| YOUR OBJECTIVE |
Starting at the line that contains "you will be" and ending at the final line of the entries below, write out each line exactly as it appears, but omit the pictures.
Start of RECORDS SUPPLIED
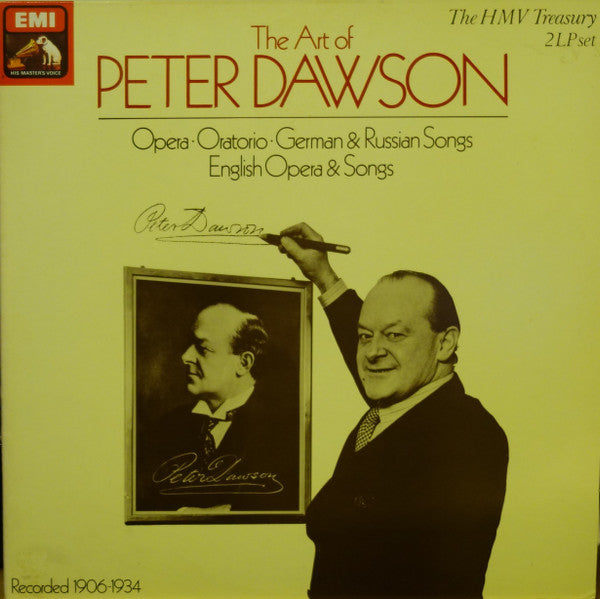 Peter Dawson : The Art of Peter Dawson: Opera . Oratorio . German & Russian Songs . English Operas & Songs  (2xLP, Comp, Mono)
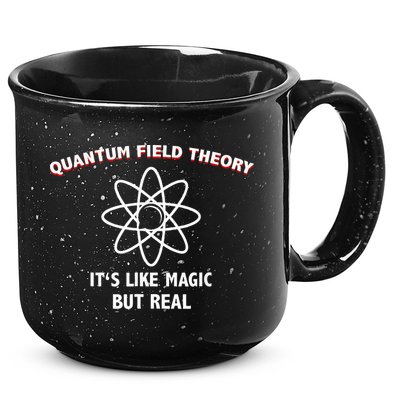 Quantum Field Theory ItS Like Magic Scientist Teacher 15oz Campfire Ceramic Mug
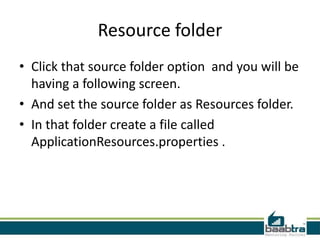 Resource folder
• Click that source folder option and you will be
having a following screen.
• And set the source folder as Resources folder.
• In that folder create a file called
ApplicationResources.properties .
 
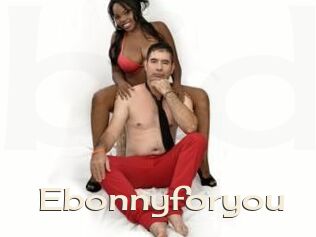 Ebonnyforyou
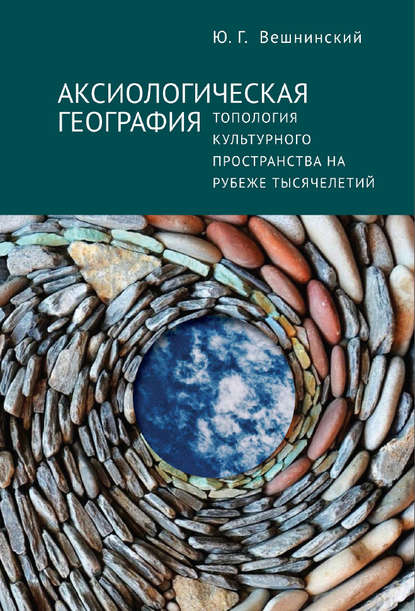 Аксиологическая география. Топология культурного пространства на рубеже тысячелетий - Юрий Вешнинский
End of RECORDS SUPPLIED
| COMPLETED TASK |
• Click that source folder option and you will be
having a following screen.
• And set the source folder as Resources folder.
• In that folder create a file called
ApplicationResources.properties .
 
 Ebonnyforyou
 Аксиологическая география. Топология культурного пространства на рубеже тысячелетий - Юрий Вешнинский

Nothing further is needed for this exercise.